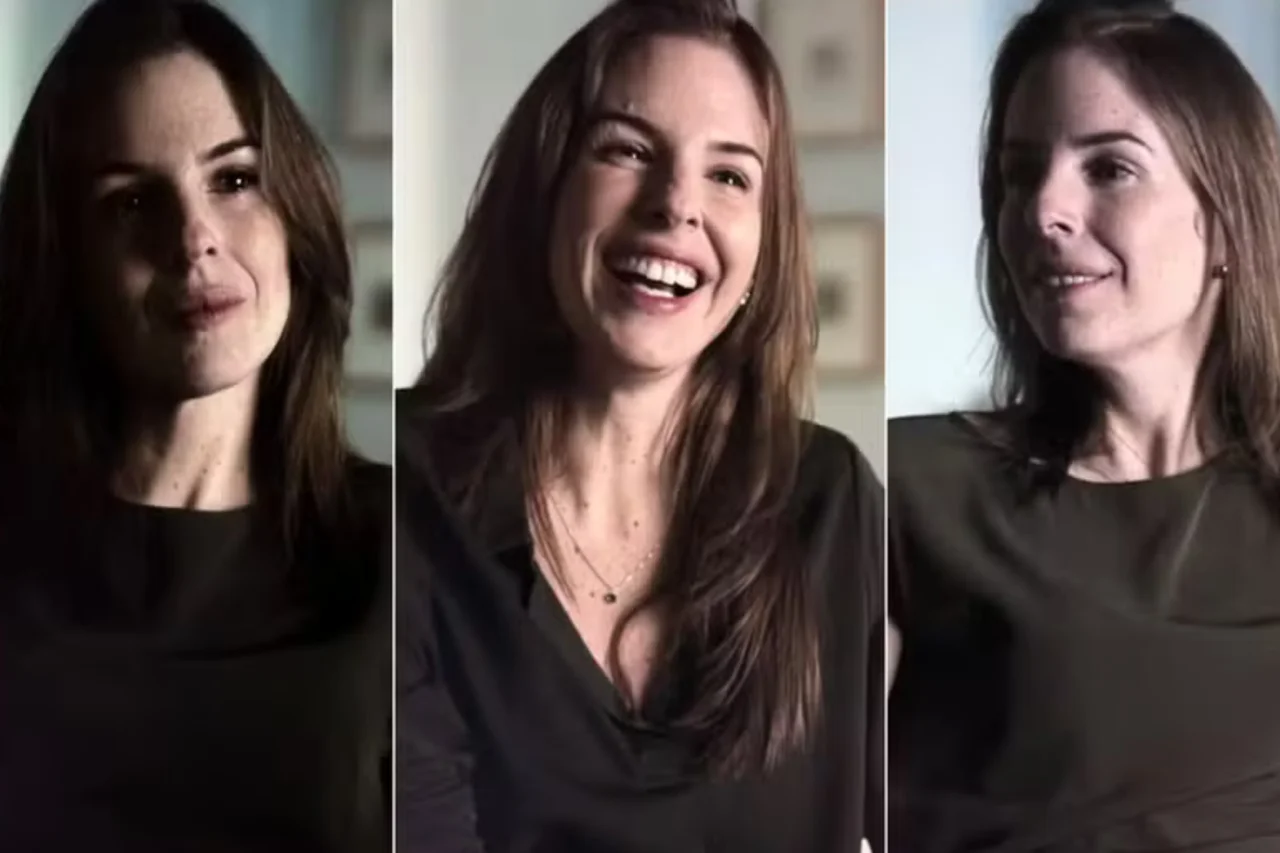 Netflix prepara documentário com versão de Suzane von Richthofen sobre família e passado antes do crime 3 Netflix prepara documentário com versão de Suzane von Richthofen sobre família e passado antes do crime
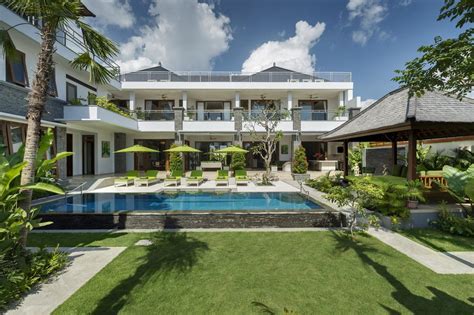 6 Bedroom Luxury Canggu Bali Villa With Pool Villagetaways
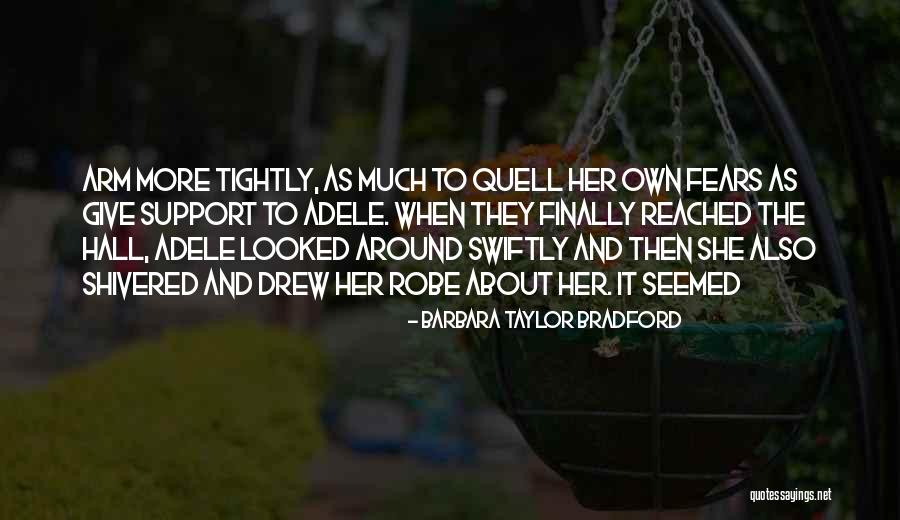 Majorelle Quotes By Barbara Taylor Bradford Majorelle Quotes By Barbara Taylor Bradford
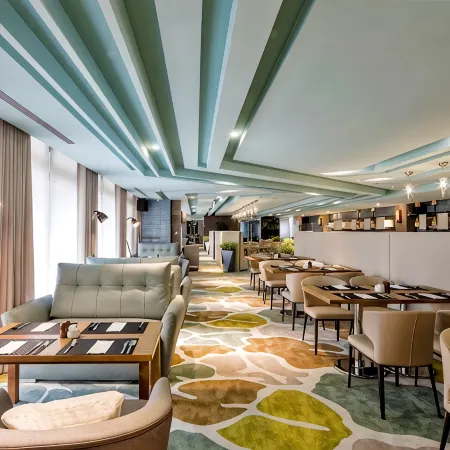 The HO Hotel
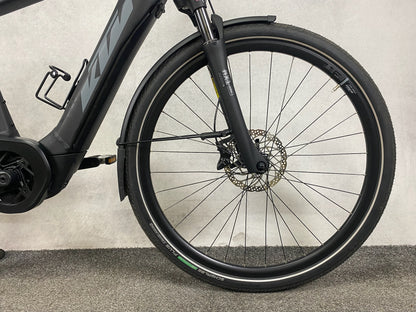 KTM Macina Tour CX 610
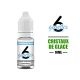 E-LIQUIDE CRISTAUX DE GLACE VALEO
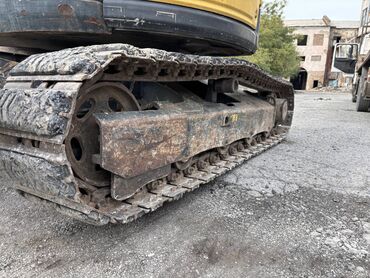 Экскаваторы: Экскаватор, 2015 г., Гусеничный — 7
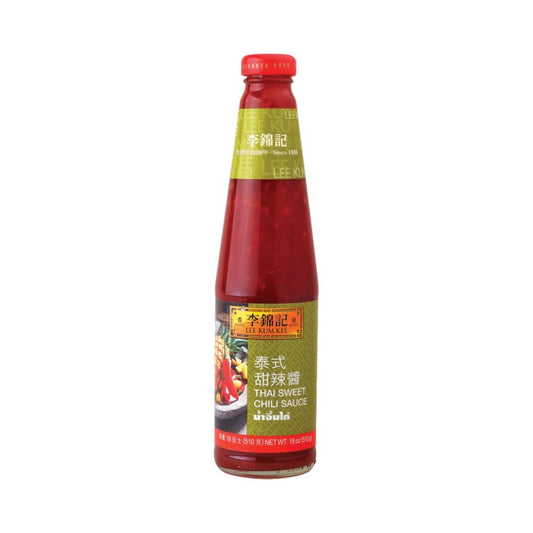 SALSA THAI SWEET  18 OZ LEE KUM KEE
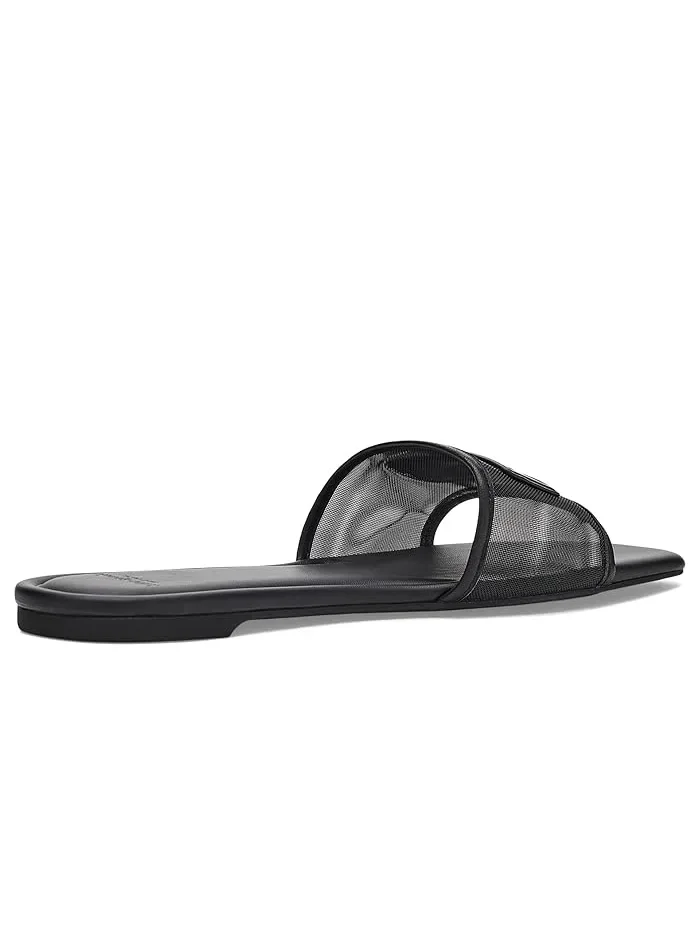 Сандалии Breezy Slide Kate Spade New York — изображение 3 из 4, черный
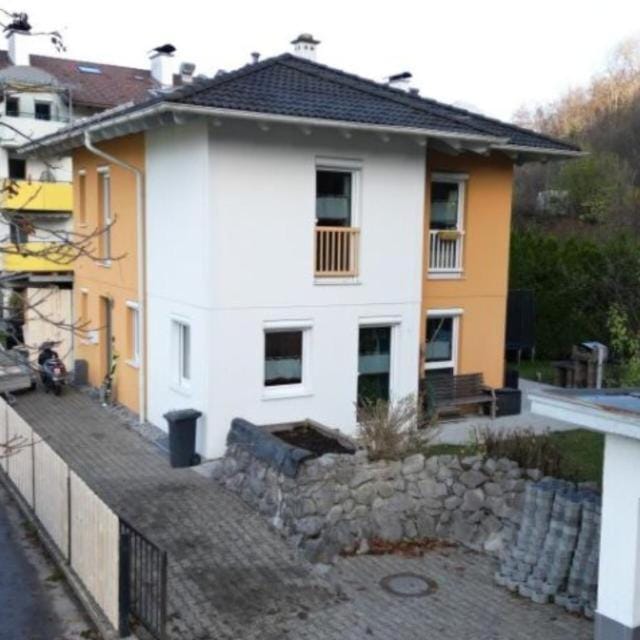 Ferienhaus Steiner House in Tyrol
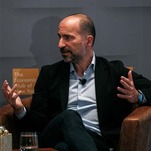 Best of Luck to Uber as It Tries to Fix Shitty Company Culture With $4.4 Million to Gender Discrimination Victims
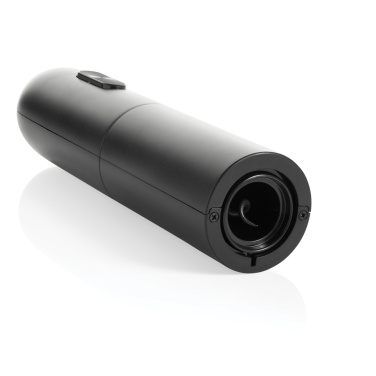 Logotrade reklamprodukter bild: Vino uppladningsbar elektrisk vinöppnare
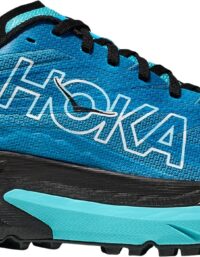 Hoka  Mafate 5 M Herr Blå US 9,5 | Trailskor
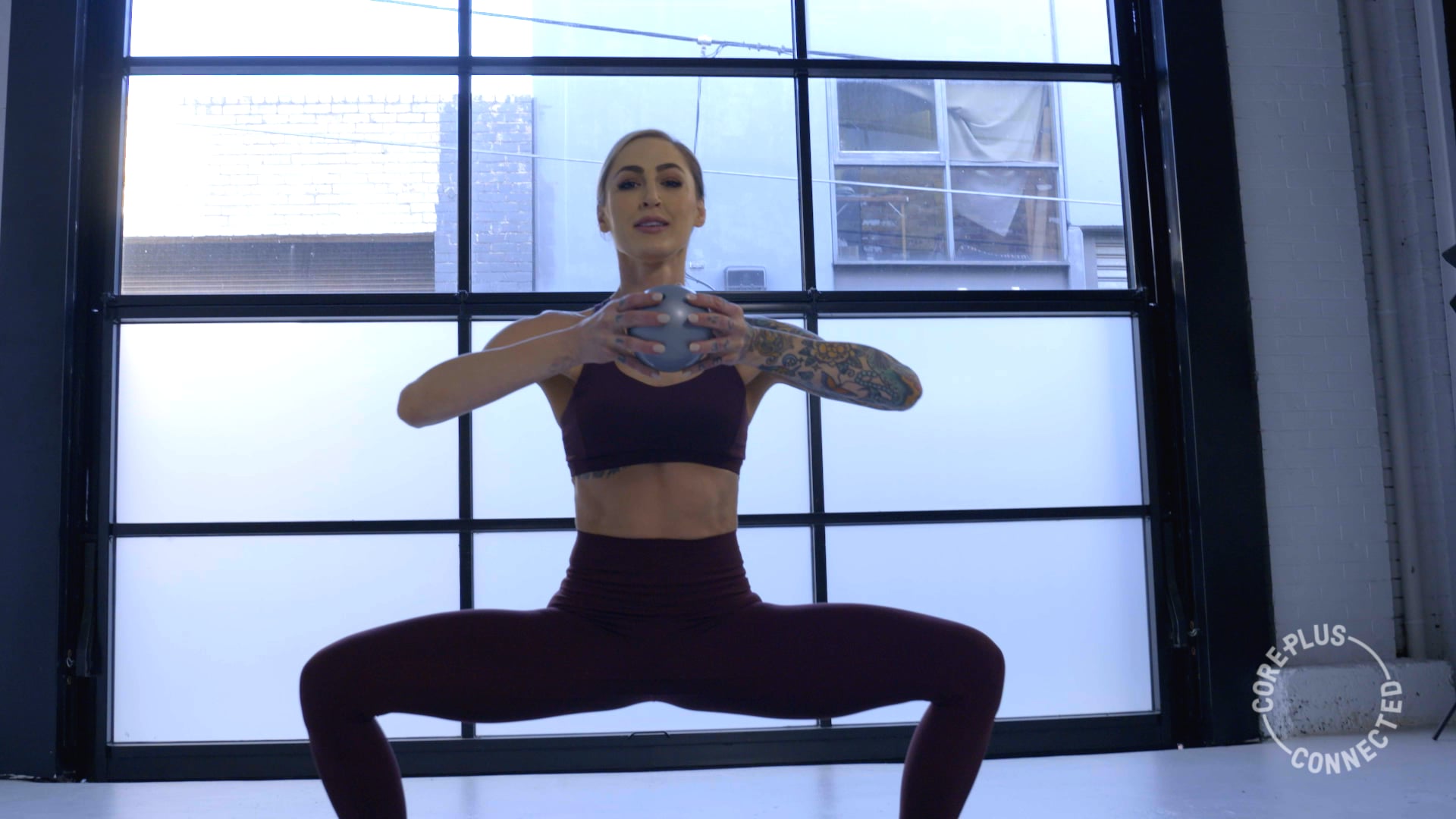 JAYNE 15 SEC B-ROLL CLIP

_ _ _ _ _ _ _

**YOUR TASK:**
Please return, exactly as written, the lines from the first line of the records above through the line containing "Экскаваторы: Экскаватор, 2015", both included, leaving out any pictures.

**ANSWER FOR THE TASK:**
 Netflix prepara documentário com versão de Suzane von Richthofen sobre família e passado antes do crime 3 Netflix prepara documentário com versão de Suzane von Richthofen sobre família e passado antes do crime
 6 Bedroom Luxury Canggu Bali Villa With Pool Villagetaways
 Majorelle Quotes By Barbara Taylor Bradford Majorelle Quotes By Barbara Taylor Bradford
 The HO Hotel
 KTM Macina Tour CX 610
 E-LIQUIDE CRISTAUX DE GLACE VALEO
 Экскаваторы: Экскаватор, 2015 г., Гусеничный — 7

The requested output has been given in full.